* Data *

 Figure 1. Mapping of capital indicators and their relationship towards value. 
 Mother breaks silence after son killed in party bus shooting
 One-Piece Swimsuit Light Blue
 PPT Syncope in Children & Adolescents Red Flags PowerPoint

* Your task *
Could you copy out all the material word for word?

* Exercise solution *
 Figure 1. Mapping of capital indicators and their relationship towards value. 
 Mother breaks silence after son killed in party bus shooting
 One-Piece Swimsuit Light Blue
 PPT Syncope in Children & Adolescents Red Flags PowerPoint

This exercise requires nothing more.